Problem requirements: Every entry is to be copied exactly as written, and the pictures are to be skipped.

The data:
****************************************

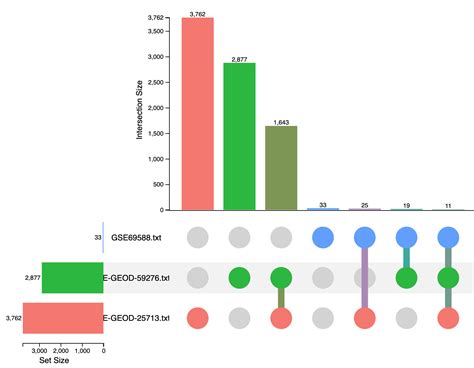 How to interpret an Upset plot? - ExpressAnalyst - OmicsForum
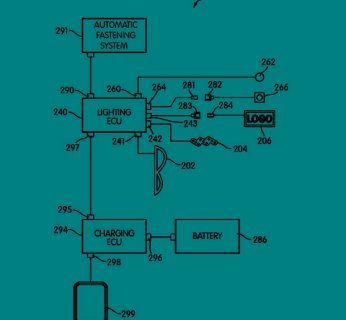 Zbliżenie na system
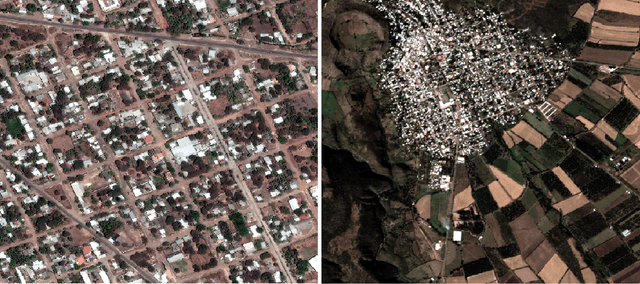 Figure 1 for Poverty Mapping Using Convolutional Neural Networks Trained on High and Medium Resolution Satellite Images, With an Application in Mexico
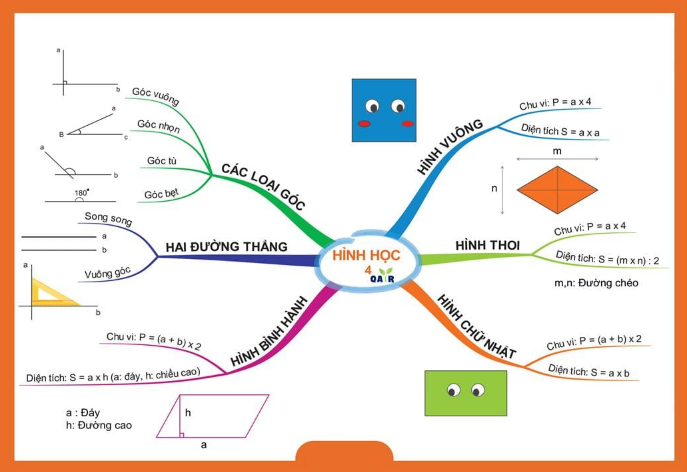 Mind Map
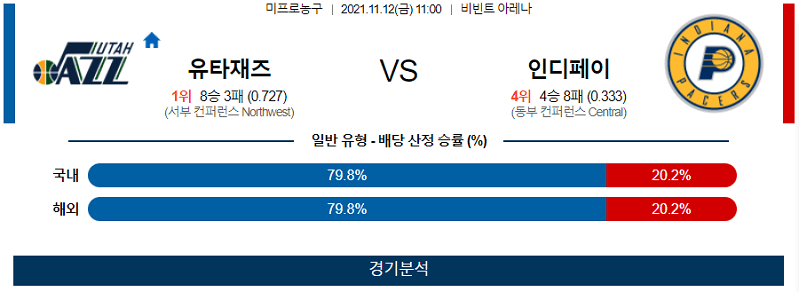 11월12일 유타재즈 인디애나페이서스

****************************************

Response:
 How to interpret an Upset plot? - ExpressAnalyst - OmicsForum
 Zbliżenie na system
 Figure 1 for Poverty Mapping Using Convolutional Neural Networks Trained on High and Medium Resolution Satellite Images, With an Application in Mexico
 Mind Map
 11월12일 유타재즈 인디애나페이서스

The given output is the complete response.